PKOl atakuje ministra sportu
W związku z doniesieniami PKOl wydało oficjalne oświadczenie. Zdecydowanie zaprzeczamy, że w Polskim Komitecie Olimpijskim miały miejsce okoliczności przedstawione przez TVN24.pl polegające na posługiwaniu się pustymi fakturami VAT, czy procederze »prania brudnych pieniędzy«” – czytamy.
„Jesteśmy zaskoczeni przedstawionym przedmiotem złożonego zawiadomienia, gdyż opisane rozrachunki opisanymi instytucjami nigdy nie były przedmiotem zainteresowania Krajowej Administracji Skarbowej podczas kontroli w PKOl” – napisano.

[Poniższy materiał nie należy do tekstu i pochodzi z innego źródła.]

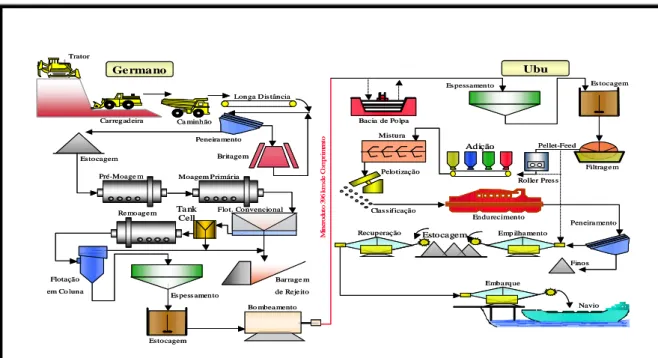 Figura 3.1 - – Fluxograma geral do processo produtivo da Samarco.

W tym samym oświadczeniu pojawił się atak w kierunku ministra sportu Sławomira Nitrasa. „Z przykrością zauważamy, że ta informacja wpisuje się w wielomiesięczną retorykę inicjowaną przez Sławomira Nitrasa i jest szeroko zorganizowaną próbą dyskredytacji wizerunku Polskiego Komitetu Olimpijskiego oraz Prezesa Radosława Piesiewicza, mającą na celu polityczne wpływanie na działalność Polskiego Komitetu Olimpijskiego” – stwierdził PKOl.
Stanowcza odpowiedź Nitrasa
Na te słowa w czwartek Nitras odpowiedział osobiście. – Nie poddam się emocjom, nie będę oddawał jakichś razów panu Piesiewiczowi. Na pewno skorzystam z pomocy prawnika, bo te zarzuty, które on kieruje pod moim adresem, że ja jakoby mam wpływ na decyzję administracji skarbowej, to jest po prostu kłamstwo – stwierdził minister.
Analogicznie szef resortu sportu odpowiedział na sugestię, że miał on jakikolwiek wpływ na działalność sponsorów, którzy się wycofywali. – Sponsorzy wycofywali się ze współpracy z PKOl ze względu na styl funkcjonowania pana prezesa. Ja nie mam z tym nic wspólnego – mówił.
– Panu Piesiewiczowi to jest bardzo wygodne, sprowadzanie wszystkiego do sporu między mną a nim. Ja nie mam jakiejś emocji osobistej w tej kwestii. Jestem urzędnikiem państwowym, robię to, co uważam za stosowne – stwierdził Nitras.